Not Dark Yet: A personal history
- Author: David Walker
- Language: English
- Subject: Australian History
- Genre: Non-fiction
- Publisher: Giramondo Publishing
- Publication date: 2011
- Publication place: Australia
- Media type: Print - paperback
- Pages: 312
- ISBN: 978-1-920882-65-5
- OCLC: 782046201

= Not Dark Yet: A Personal History =

Not Dark Yet: A personal history is a 2011 book by Australian cultural historian David Walker, who suffered a sudden and severe loss of sight due to macular degeneration which limited his ability to continue archival research and forced him to "find another, more personal voice and another way of writing". The book documents his own and his family's relationship to the past. This was a significant departure from Walker's academic work in which he is a pre-eminent authority on Australia's engagement with Asia. However, through this book, Walker found that the personal has a role in the writing of history; "small events also have their place in determining who we are and what we value as individuals and as a community".

==Summary==
Not Dark Yet traces the story of Walker's family over five generations; from the settlement of his great-great grandparents in South Australia in the 1850s until the death of his mother in the 1990s. Many of the early chapters are set in Burra, a copper mining town 156 km (97 miles) north of Adelaide, where his family were well-known shopkeepers. Of particular significance is the story of Luke Day, a relative through marriage and a Chinese merchant in Burra. Here the personal narrative intersects with the author's academic interests and Walker uses Day's life to re-examine the position held by the Chinese in Australian society during a period when Australian racial nationalism and the resultant White Australia Policy were strident. Walker captures the essence of life in a small Australian town at the beginning of the twentieth century with all its strengths, limitations and petty jealousies.

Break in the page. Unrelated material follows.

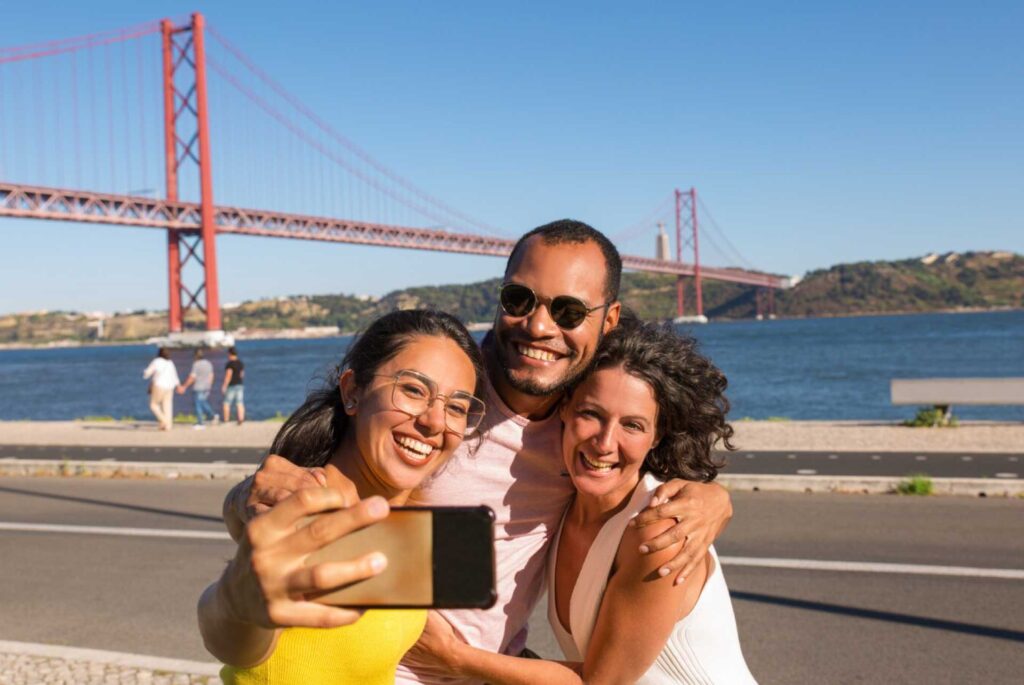 Amigos se toman selfie en Estados Unidos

In later sections of the book Walker intimately describes the lives of his parents and his own journey into academia. Australia's engagement with Asia is again given prominence through the description of the devastating effects that the Second World War had on the author's family. When he was a child, Walker was unaware of the fate of uncle Laurie and mention of his name lead to uncomfortable silences. This led Walker to use his historian's skills to investigate Laurie's life. He discovered that his uncle had volunteered for service with the 13th squadron of the RAAF and had been posted to Ambon. He had attempted to escape from the island when it was overrun by the advancing Japanese but through a series of fateful mishaps was captured and executed in the Laha Massacre of Australian prisoners of war. The brutality and apparent pointlessness of Laurie's death resonated in the Walker family over the next two generations. The book also explores the lives of two other uncles whose lives were affected by the war. One served in 467 squadron of the RAAF with Bomber Command and another with the 2/43rd Battalion in North Africa, New Guinea and Borneo. A further poignant episode is Walker's gentle description of his mother's decline into dementia and subsequent death.

Despite these tragedies the book's premise is one of joy and optimism. This is achieved through the author's wit and good-natured humour in the face of misfortune. A single example in the first chapter sets the tone of the book. When his ophthalmologist told him that he was now "legally blind", his immediate response was to ask if it was possible for him to be "illegally blind" instead.

==Critical response==

Not Dark Yet received an extensive and positive critical response. Kerryn Goldsworthy in the Sydney Morning Herald wrote that Not Dark Yet was an "intriguing and engaging book... made even more readable by Walker's personality, which comes across as modest, funny and wry as he tells (his) stories. He's stoic but realistic about his precarious physical state and mildly self-reproaching for having, as a professional historian, undervalued the idea of family history for so long...the book exerts the same powerful grip on the reader as the family chronicles and sagas of good 19th-century fiction and has the same kind of deep, complicated, personal appeal." Professor Tom Griffiths of the Australian National University described the book as “a charismatic and enigmatic work... curious, wry, poignant and sweet”. It combined elements of, "a memoir, a family history, a cultural history of modern Australia, a study of memory, legend and storytelling, an investigation of national character, a local and regional study, a reflection on history and the historian’s craft, an auto-ethnography".

Jennifer Levasseur in The Australian found Walker to be "a delightful, witty guide who balances thorough research with banter. While his memoir moves through some of the darkest moments of contemporary and personal history, including World War II atrocities and mental breakdowns, he maintains a fluid, easy style that combines empathy with cheekiness". Andrew Moore writing in Labour History discovered interconnections between Walker's family history and his long term academic interests. The stories told in Not Dark Yet emphasised elements of Australian cultural development and the history of Australia's engagement with Asia. Phillip Adams described the book as “an evocative portrait of 20th century Australia …the attitudes, idiosyncrasies and prejudices of the era.”